Free electron lasers (FELs) represent a radical alternative to conventional lasers, being potentially the most flexible, high power and efficient generators of tunable coherent radiation from the ultra-violet to the infrared. A FEL does not have the restrictions of conventional lasers on operating wavelengths, and is constrained only by the phase-matching condition for strong interactions between the electrons and laser field - i.e. for a given periodic magnet (wiggler) structure, the wavelength is determined only by the energy of the electron beam. The FEL has come of age and there are now ‘user facilities' in Europe and America. CRP (together with Professor B N Murdin, University of Surrey) is in charge of the EPSRC funded UK ‘user station' at the Dutch FEL (FELIX) and directs an active programme on nonlinear and time-resolved (electron orbital and spin) semiconductor spectroscopy. The emphasis has been on electron and spin lifetime design and device optimisation by band structure engineering.
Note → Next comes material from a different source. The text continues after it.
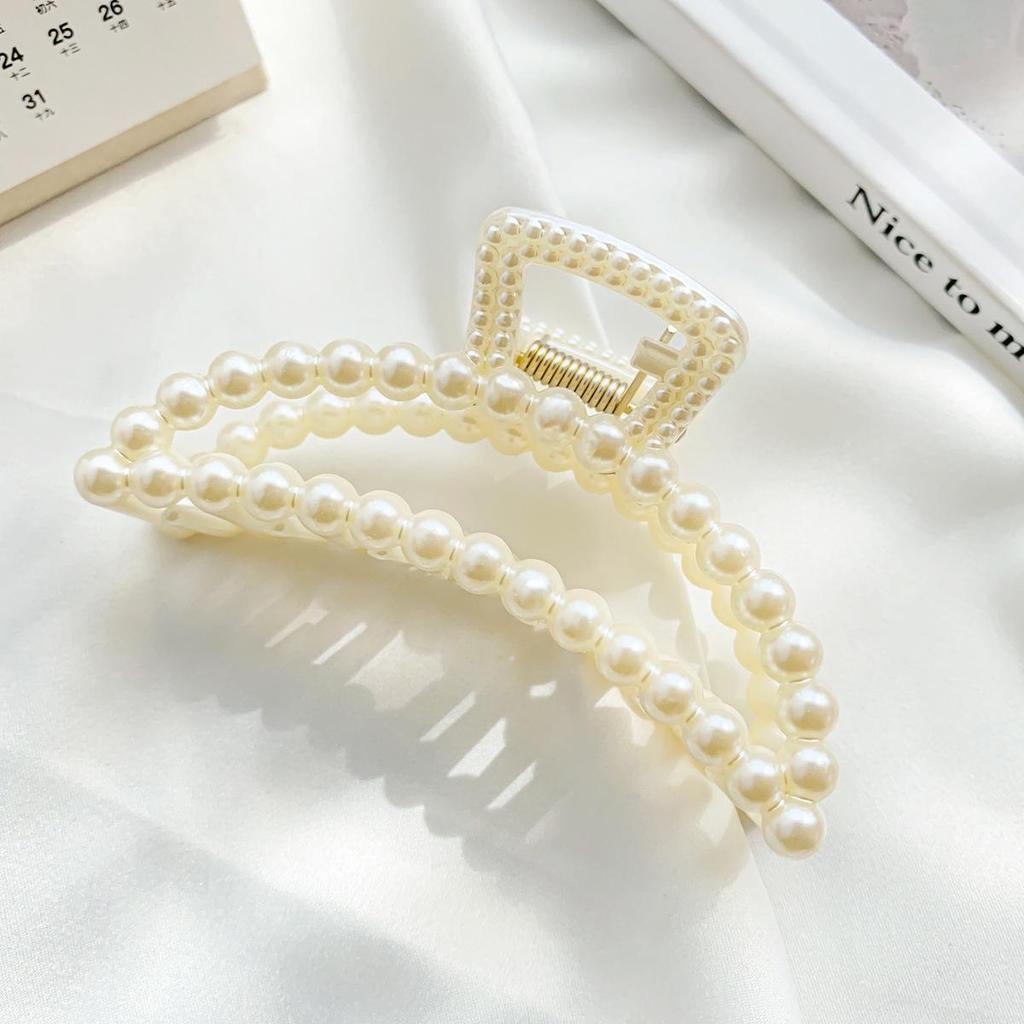 Элегантная заколка для волос с жемчужинами - корейская модная шпилька и аксессуар для головного убора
Our programme has emphasised two research themes in semiconductor device physics: electron spin relaxation and spin injection studies of narrow gap semiconductor structures; and optically pumped Si/SiGe quantum fountain and impurity lasers. Most recently we have embarked on a joint research programme between the universities of Surrey (Murdin), UCL (Aeppli) and Heriot-Watt (Pidgeon) on coherent control of Rydberg states in silicon, pumped near 30µm with FELIX in multi-beam pump-probe configurations.
Carl Pidgeon is professor of semiconductor physics at Heriot Watt University. He is a Fellow of the Royal Society of Edinburgh and the Institute of Physics. In 1995 he became Coordinator of the EPSRC/FOM laser science programme at the Dutch Free Electron Laser (FEL - acronym FELIX), as well as continuing to be leader of the consortium and principal investigator of the UK semiconductor physics programme at FELIX. On his retirement in 2003 he passed on this role to B N Murdin, with whom he actively collaborates.